What you will do -
Below is a listing; retype exactly the lines between the one containing "Vietnam-Cambodia diplomatic ties" and the one containing "تي شيرت وبنطلون", inclusive, minus the pictures.

:: Source data ::

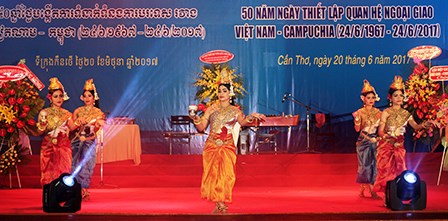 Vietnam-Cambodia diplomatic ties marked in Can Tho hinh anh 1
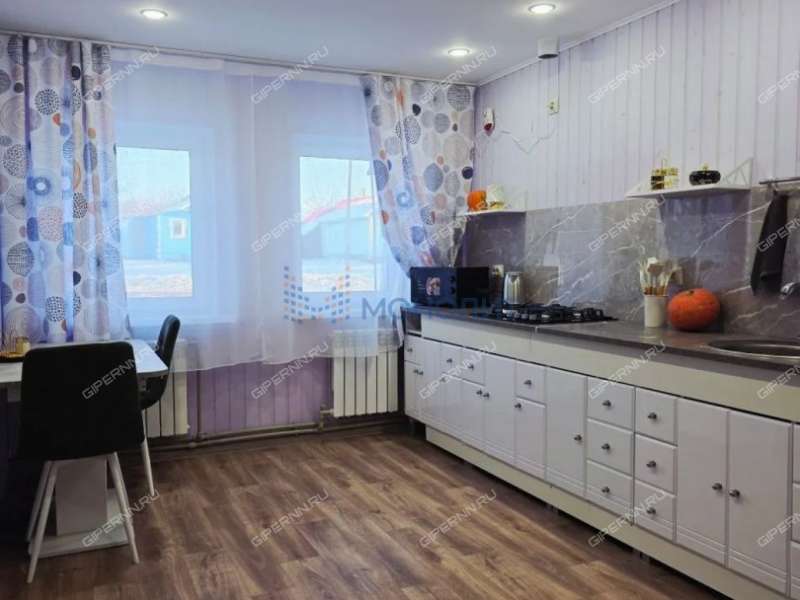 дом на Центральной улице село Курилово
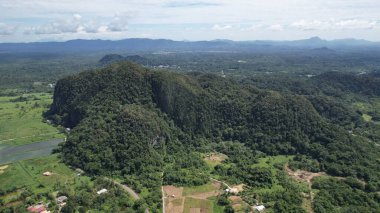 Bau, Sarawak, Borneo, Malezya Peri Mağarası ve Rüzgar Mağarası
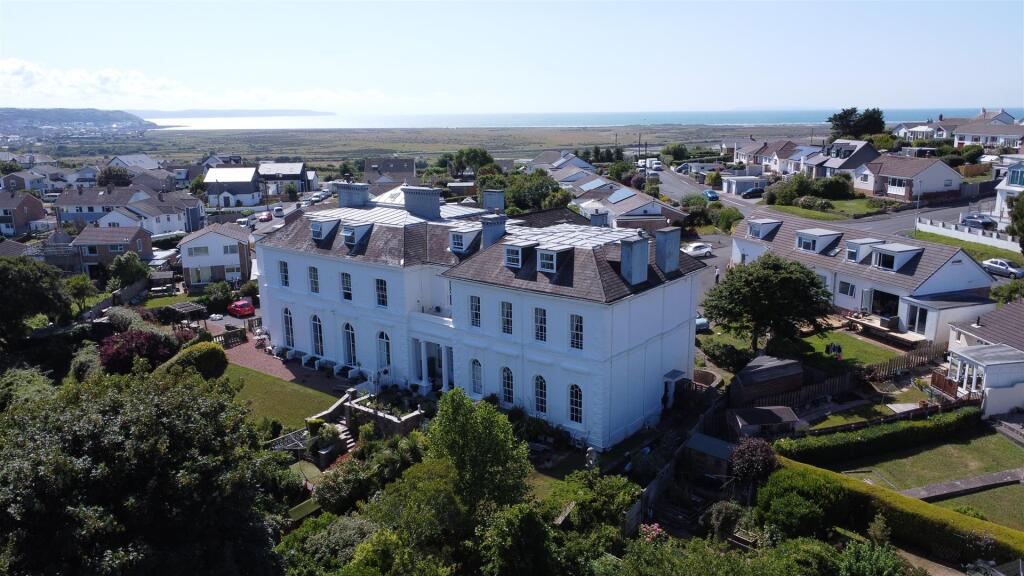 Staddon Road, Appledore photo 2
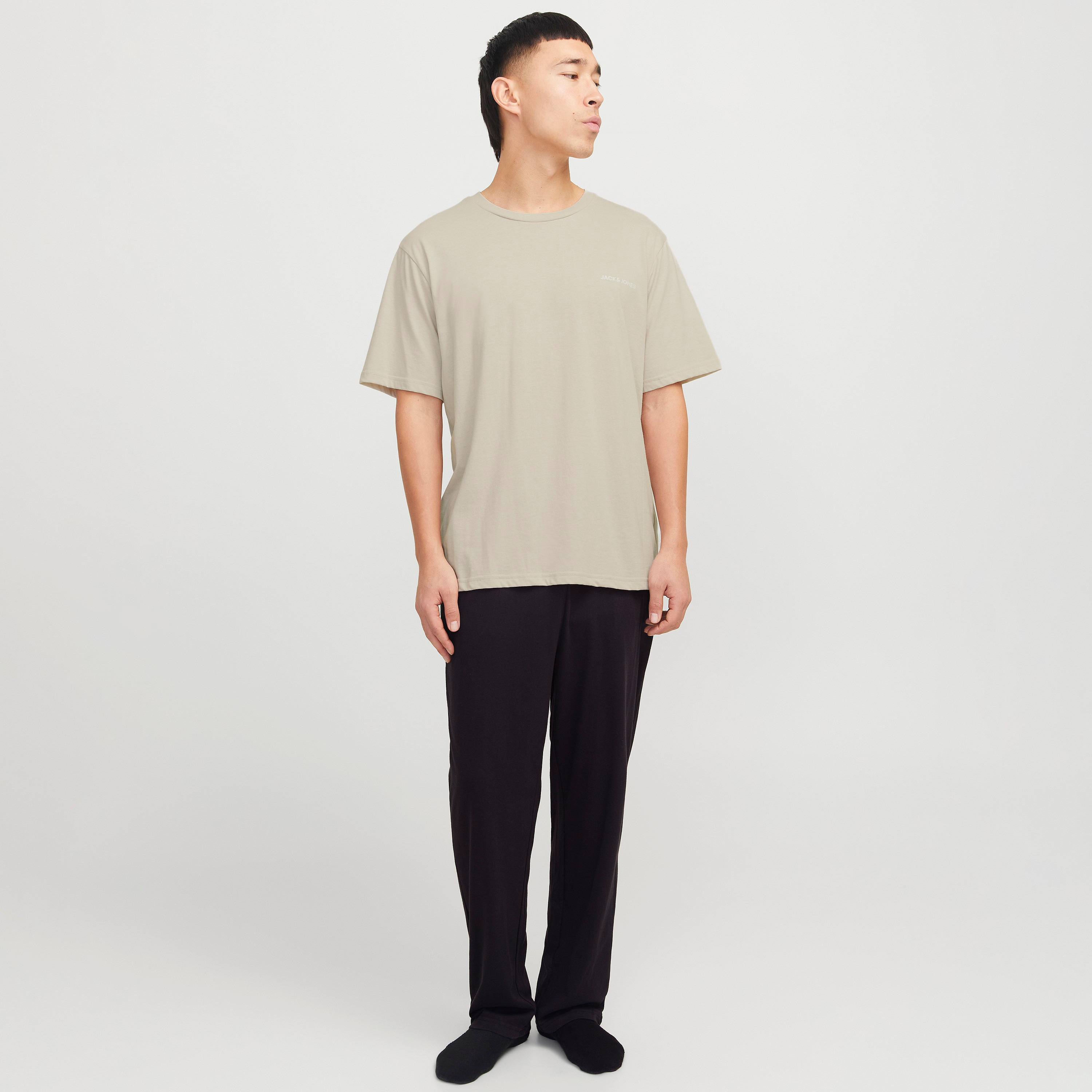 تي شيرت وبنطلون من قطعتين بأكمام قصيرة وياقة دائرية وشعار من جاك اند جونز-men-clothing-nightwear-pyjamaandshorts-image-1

:::
:: Source data ::

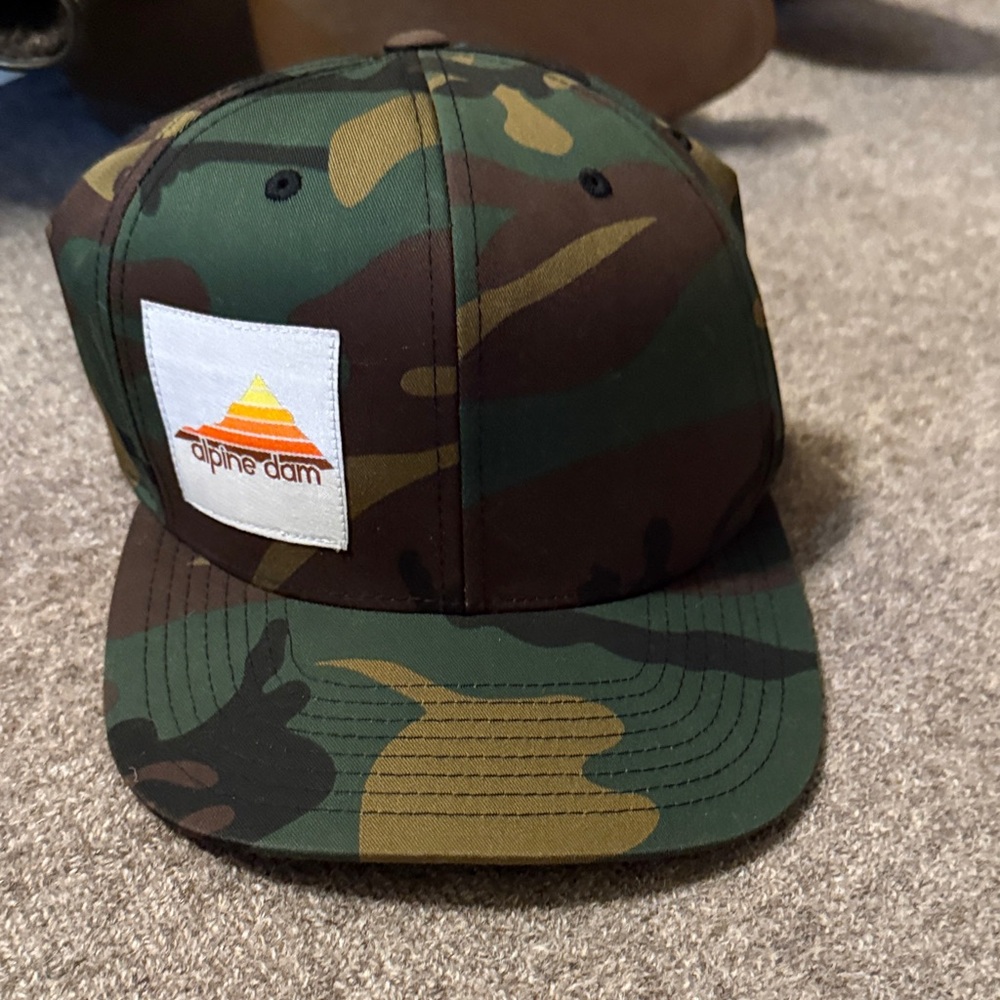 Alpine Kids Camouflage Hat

:::

Solution for this problem -
 Vietnam-Cambodia diplomatic ties marked in Can Tho hinh anh 1
 дом на Центральной улице село Курилово
 Bau, Sarawak, Borneo, Malezya Peri Mağarası ve Rüzgar Mağarası
 Staddon Road, Appledore photo 2
 تي شيرت وبنطلون من قطعتين بأكمام قصيرة وياقة دائرية وشعار من جاك اند جونز-men-clothing-nightwear-pyjamaandshorts-image-1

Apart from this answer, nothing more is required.